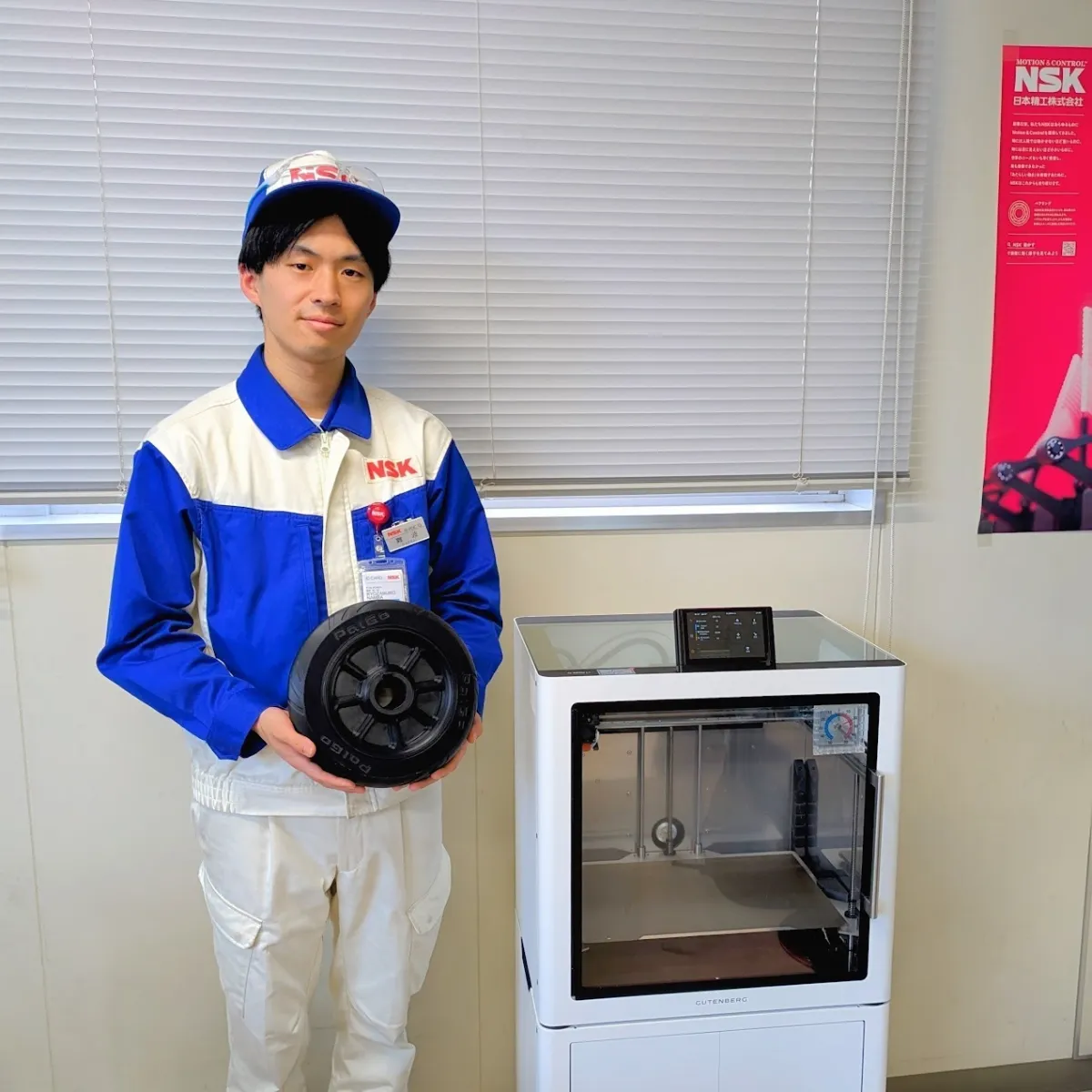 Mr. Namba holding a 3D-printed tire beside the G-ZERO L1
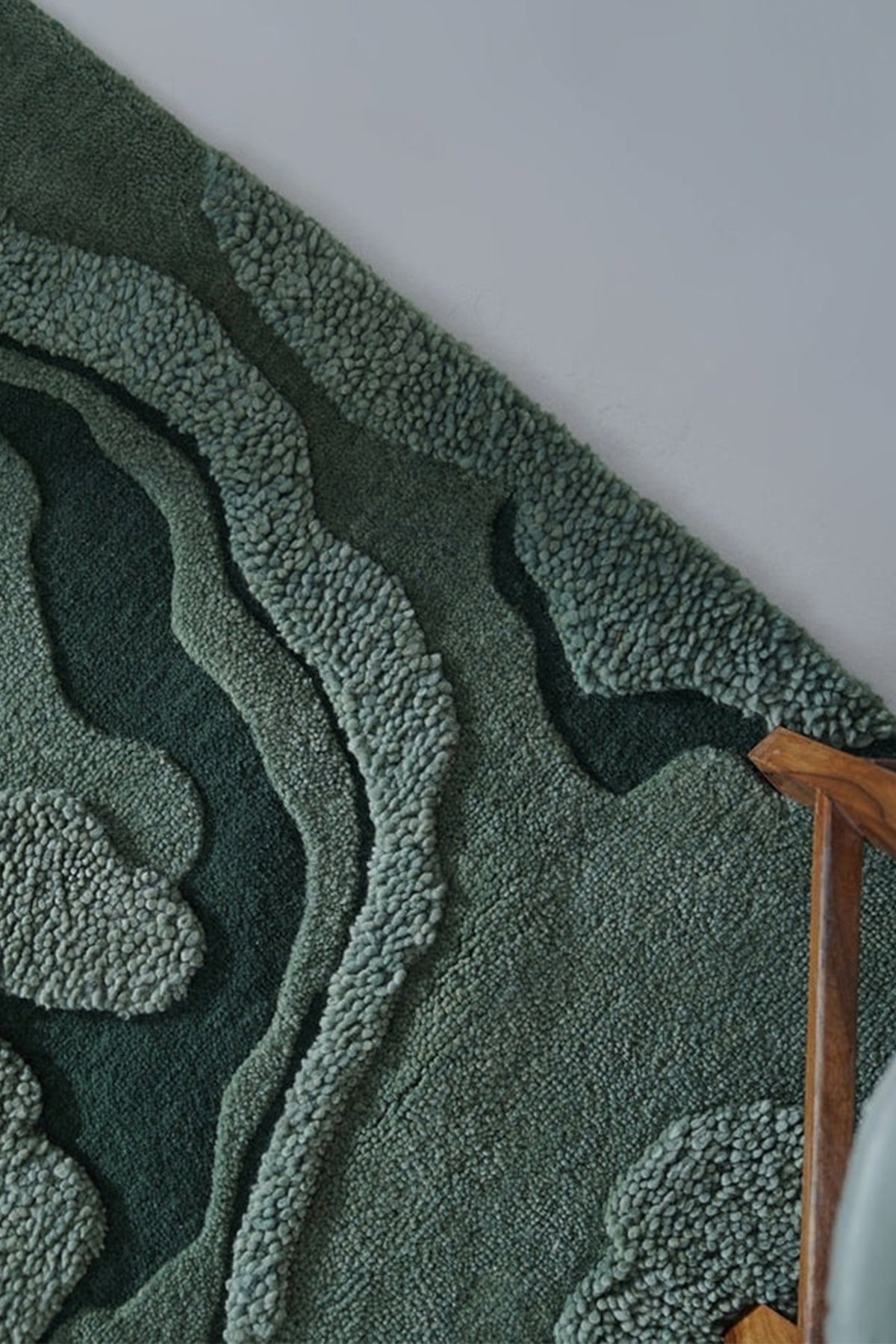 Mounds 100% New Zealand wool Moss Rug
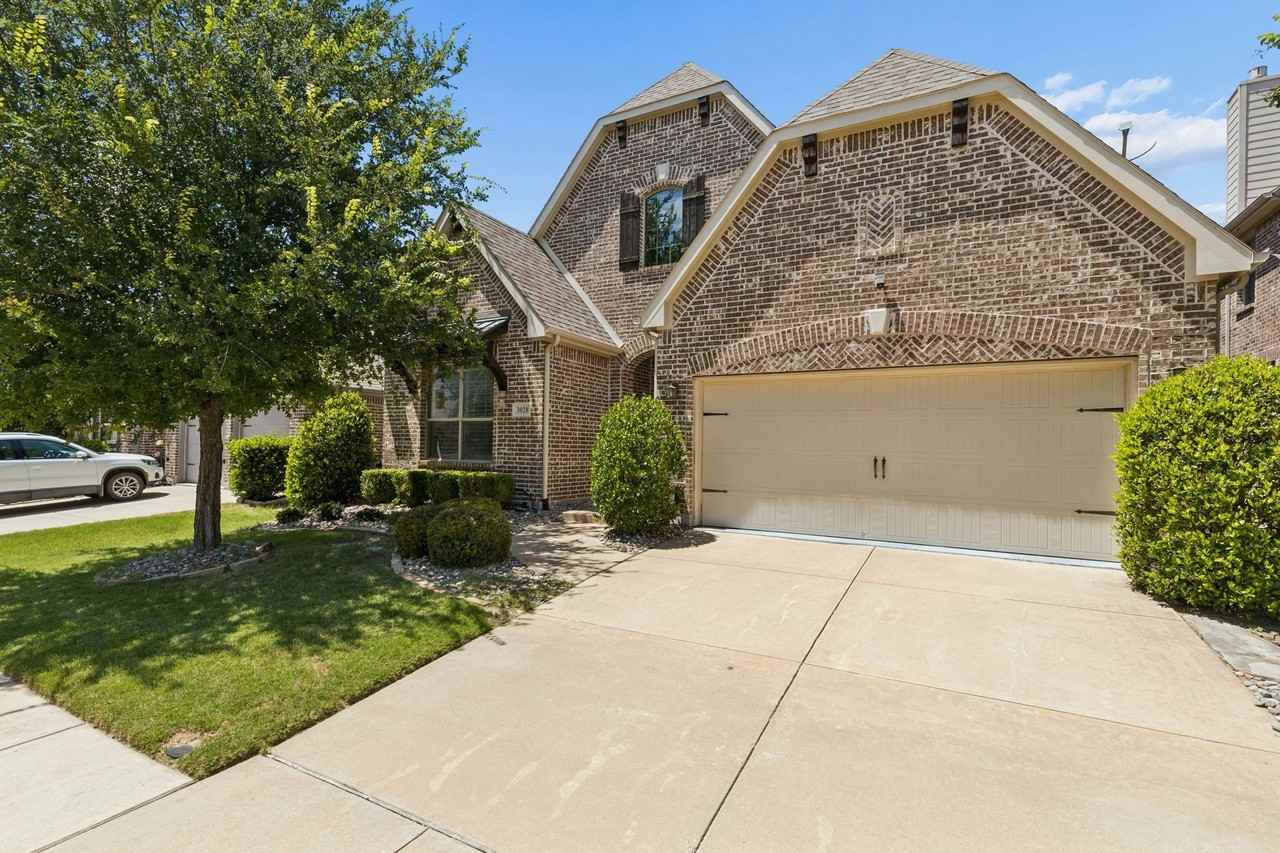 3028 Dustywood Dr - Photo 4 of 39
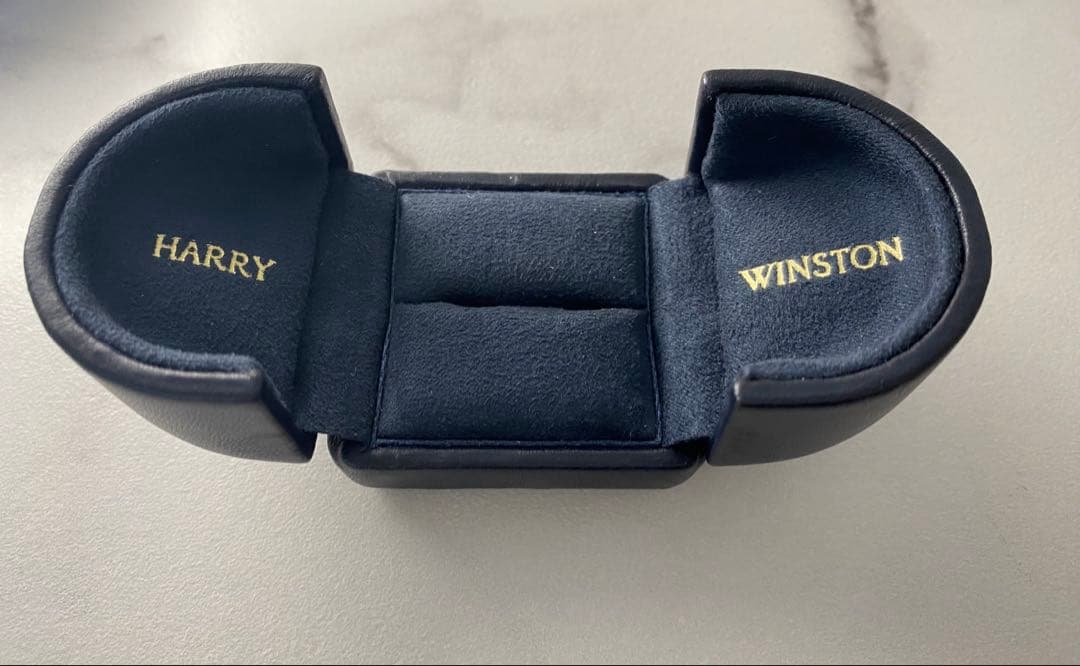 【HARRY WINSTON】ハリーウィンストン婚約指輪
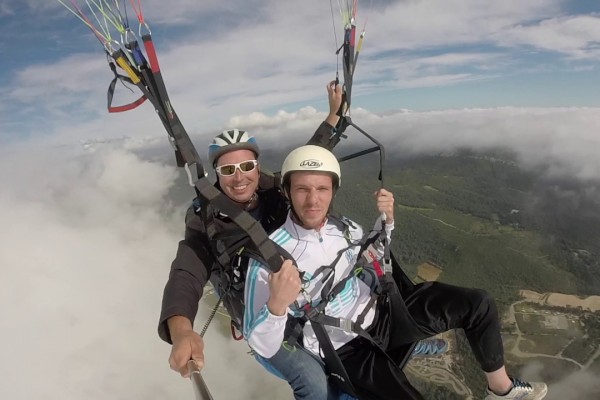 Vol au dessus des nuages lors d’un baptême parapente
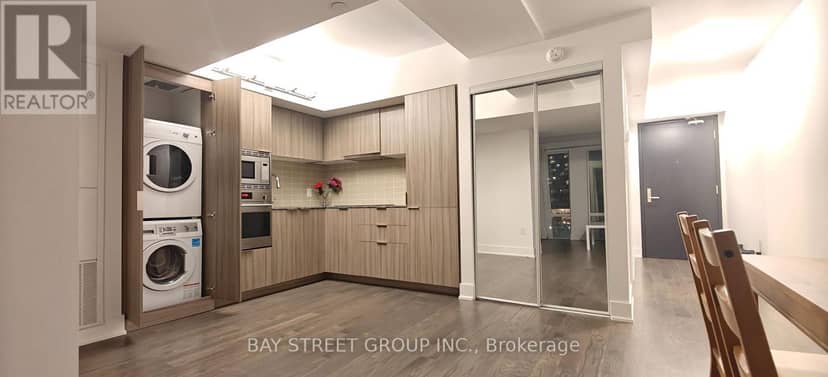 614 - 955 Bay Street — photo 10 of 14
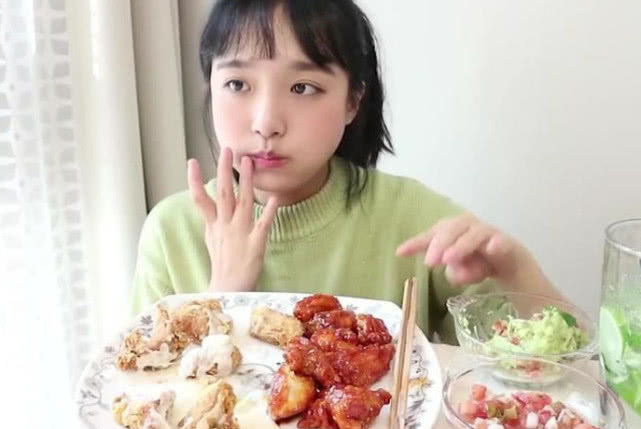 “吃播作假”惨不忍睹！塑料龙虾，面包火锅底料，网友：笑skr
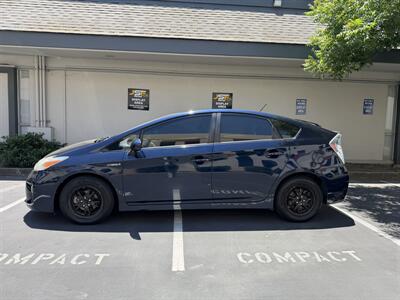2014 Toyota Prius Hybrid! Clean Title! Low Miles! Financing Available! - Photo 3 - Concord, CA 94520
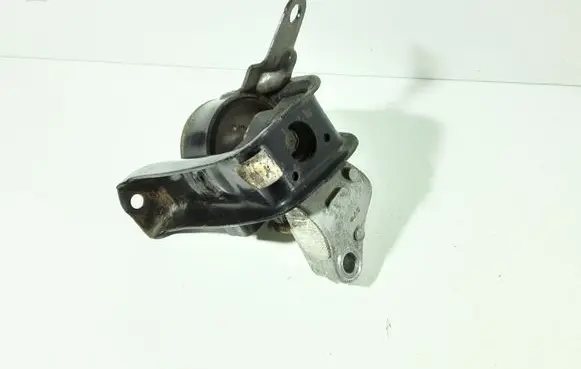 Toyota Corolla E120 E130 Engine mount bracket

○ ○ ○

Write the entries above out again exactly, omitting each image.

 Mr. Namba holding a 3D-printed tire beside the G-ZERO L1
 Mounds 100% New Zealand wool Moss Rug
 3028 Dustywood Dr - Photo 4 of 39
 【HARRY WINSTON】ハリーウィンストン婚約指輪
 Vol au dessus des nuages lors d’un baptême parapente
 614 - 955 Bay Street — photo 10 of 14
 “吃播作假”惨不忍睹！塑料龙虾，面包火锅底料，网友：笑skr
2014 Toyota Prius Hybrid! Clean Title! Low Miles! Financing Available! - Photo 3 - Concord, CA 94520
 Toyota Corolla E120 E130 Engine mount bracket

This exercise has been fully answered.